I didn’t expect much from the last film in the Harry Potter saga (divided into two parts, one released in 2010 and the other in 2011) for various reasons. Two, above all:
- the seventh book by J.K. Rowling is probably the worst of the series with a really tedious first part that leads nowhere (see a review on Sifa Elizabeth reads);
- David Yates didn’t impress me as a director in the two films he had previously worked on.
Perhaps this is why I was pleasantly surprised by Harry Potter and the Deathly Hallows which I found to be a worthy closure of the young and scarred wizard’s film saga. The first part is decent, given that the first part of the book is actually hard to digest (or at least so I thought when I read it more than ten years ago). The story of Harry, Hermione and Ron lost in the woods barely has any rhythm at all and the lack of the school classes, exams, and professors really hurts the movie. It’s better to get over it in two hours of film than in six or seven hours of reading!
And the second part/film delivers a glorious and memorable battle of Hogwarts, with a lot of time dedicated to the most important confrontation, the one between Voldemort and Harry. The special effects are great, the epic tones are appropriate, and the cinematography is as usual too dark. Also, the animated sequence of the tale of the gifts of death is incredibly beautiful! That being said, there are a few aspects that, as a lover of Harry’s books, I didn’t like very much. I admit that in many cases Yates managed to remain faithful to the book, for example with the almost casual treatment of the death of Lupin and Tonks, two characters that I adored but to whom even the book devotes little space. On the other hand, the slaughter of the entire generation of Harry’s parents comes across as inevitable: think of Sirius Black, of Lupin, but also of Peter Pettigrew, of course James and Lily, and the heroic Severus Snape (well, even Bellatrix Lestrange if you want!). It’s a pity that this part of the story, perhaps the one that fascinated me the most when reading the books (also due to the my age being close to that of those characters), wasn’t developed very well in the films which, for obvious reasons of time, focused on Harry and his young friends.

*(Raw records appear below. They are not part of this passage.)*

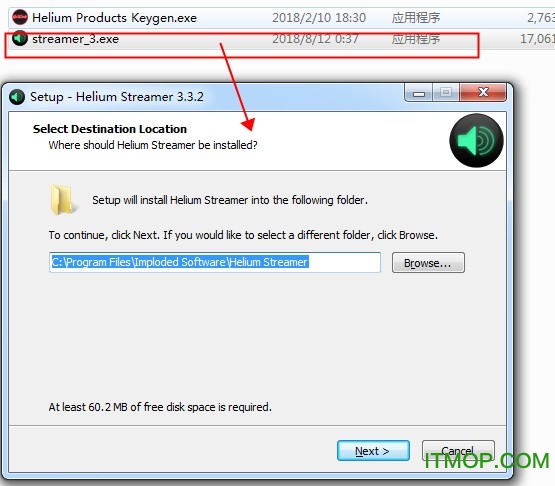 Helium Streamer破解版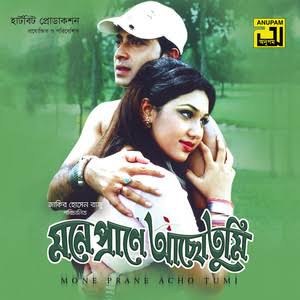 Mone Prane Acho Tumi poster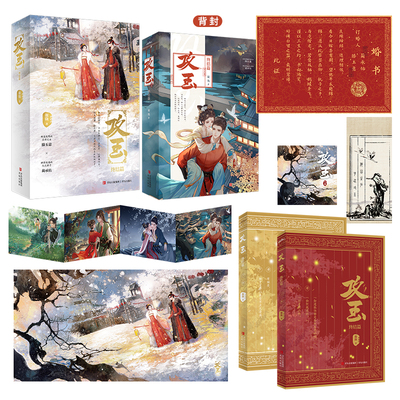 攻玉·终结篇凝陇著攻玉3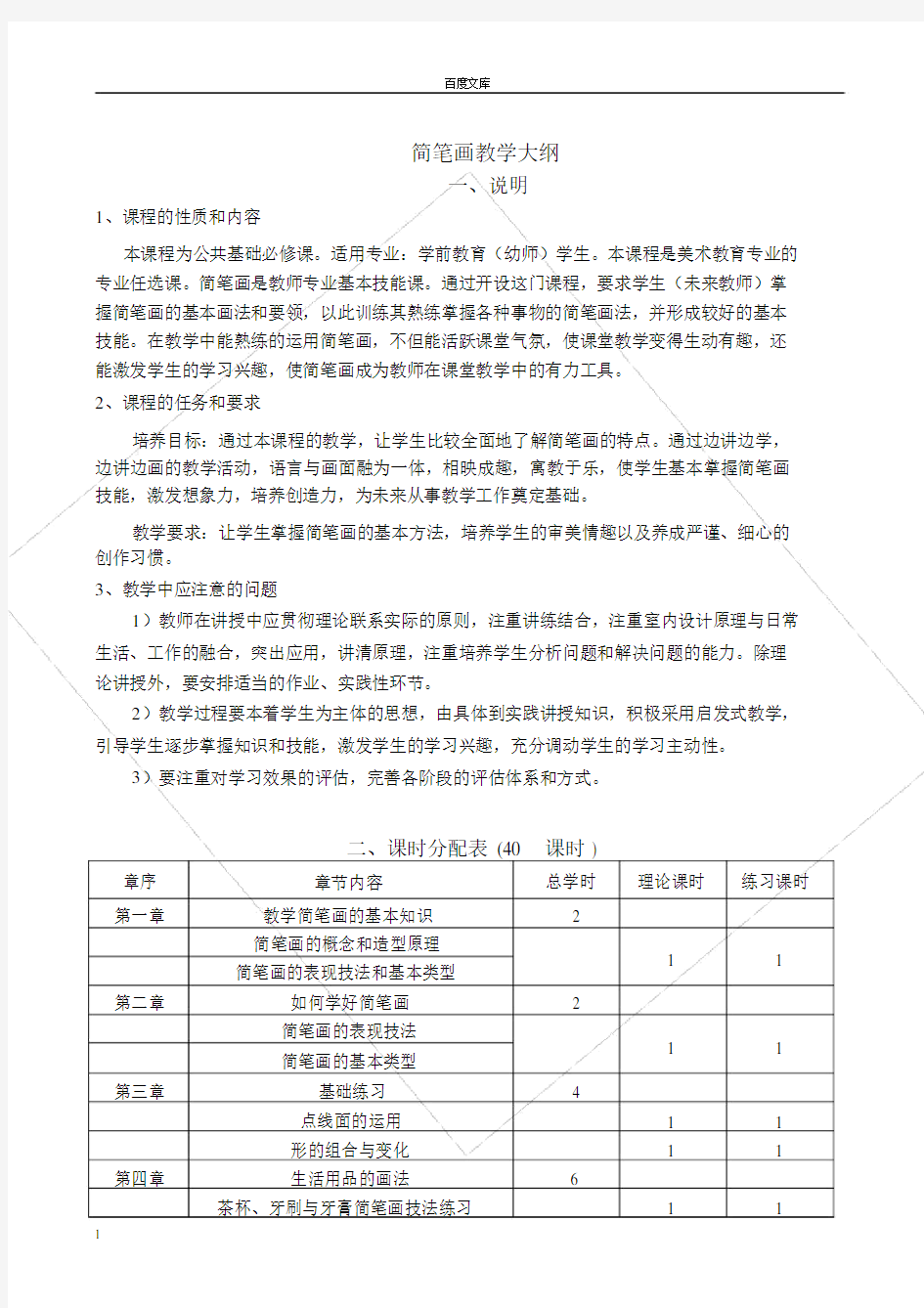 简笔画教学大纲.doc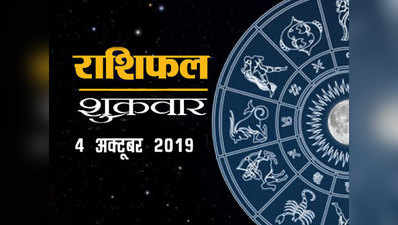 Todays horoscope 4 October: आज मिल रहे शुक्र और बुध, जानें नवरात्र का छठा दिन कैसा गुजरेगा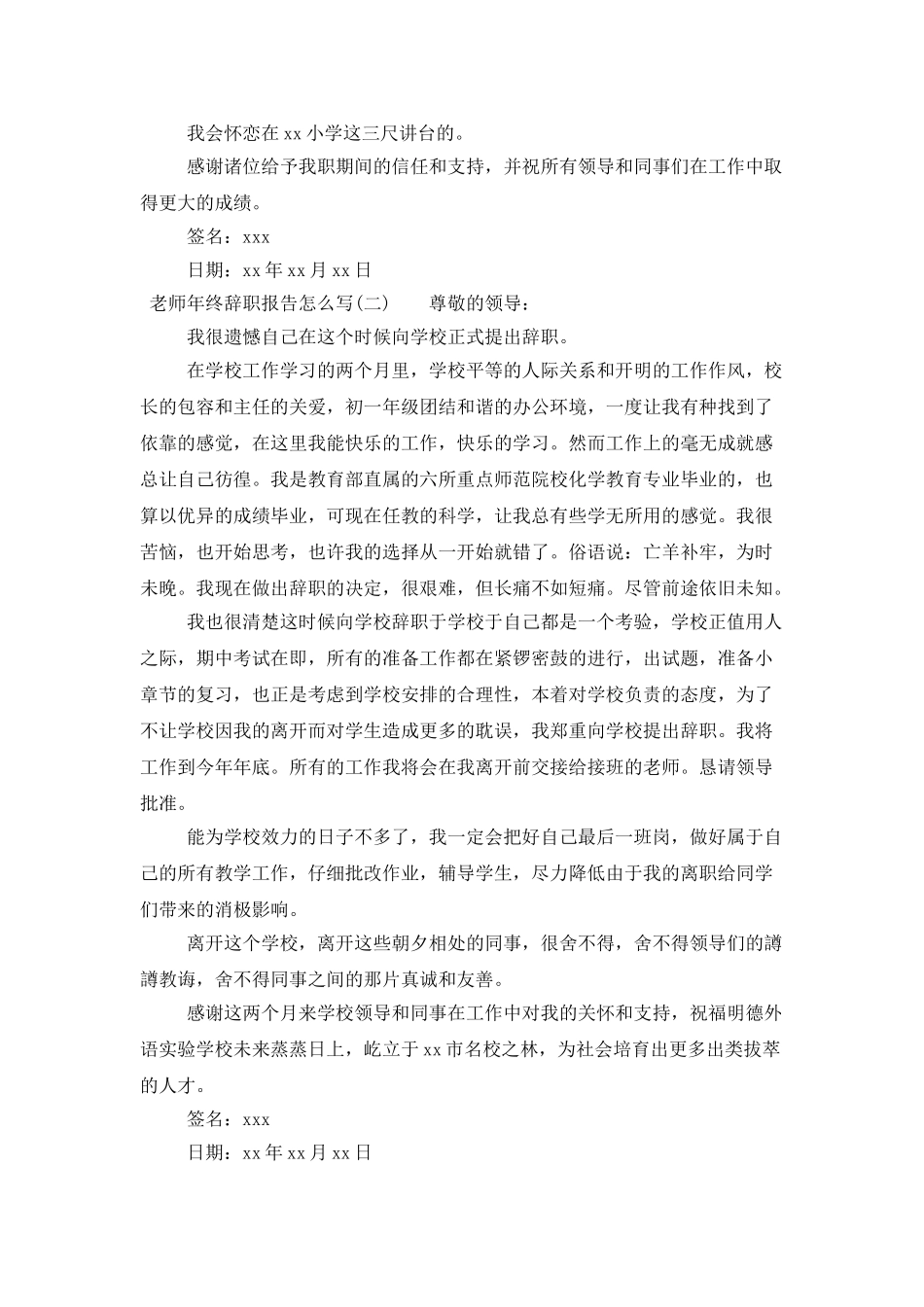 教师年终辞职报告怎么写_第2页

But, above all, the thing I liked the least about Harry Potter and the Deathly Hallows is how Albus Dumbledore was ignored. In fact, what surprised me the most when reading the book is how much Dumbledore was present despite his death at the end of Harry Potter and the Half-Blood Prince. His personal story is greatly developed in the book, while in the film there’s barely any mention of it. What a wasted opportunity! And as a collateral victim of this choice here’s Severus Snape who emerges as a true hero in the seventh book but who in the film lives only a brief moment of redemption that doesn’t do justice to what is perhaps the most complex character of the whole saga. All his actions of the last seven years should be re-evaluated in light of the great revelation of his loyalty to Dumbledore and, therefore, to Harry. I don’t know if this message is adequately conveyed by the movie…
I realize that my criticisms are linked to the (for me inevitable) comparison between the book and the film. If I forget the book for a moment, I can say that both parts of the film work (although the first one is slower and has little sense of direction) as an epic end of the saga. All the actors demonstrate an incredible chemistry built with years of friendship and joint work that clearly show on screen. And, like the Harry Potter and the Order of the Phoenix finale, this ending is also great: it’s dynamic, well filmed, fun, tragic… In short, it closes an adventure that lasted for many years and that, if binge-watched, sum to almost twenty hours of film!
And what do I think about the whole saga? The first film is a beautiful fairy tale for children where the goal is pure fun. Columbus worked well and succeeded in creating a unique and unforgettable world, then developed considerably in subsequent films, including his second one which already took on a more serious tone. Cuarón with his prisoner of Azkaban probably gave us the best film of all. The decline started with Newell’s goblet of fire and, above all, with Yates’ works: the order of the phoenix, the half-blood prince and the deathly hallows, with the latter a step above the previous two. But beyond my thoughts on the individual films, this saga is truly significant in the recent history of cinema. First of all, it’s a European saga in a market normally dominated by big Hollywood productions. Then, at least two good actors came out of it, Emma Watson and Daniel Radcliffe, who are also making brave choices in terms of independent films that they decide to participate in (on the other hand, poor Rupert Grint has only managed to work on some low-level comedies so far). And what about John Williams’ music, so beautiful and easily recognizable? The same goes for Hogwarts, whose profile is certainly at the level of Peter Jackson’s tower of Sauron: it’s unique.
I am also pleased that, at least for now, there has been some respect towards this material which has managed to avoid remakes and reboots which seems to be the trend nowadays.
In short, I truly appreciate the Harry Potter films, I like rewatching them, I’m happy with my box containing them all on DVD (sooner or later I will upgrade it to Bluray, I know) and certainly recommend watching them (but if you haven’t read the books, please start from those, they are much better!). Ciao!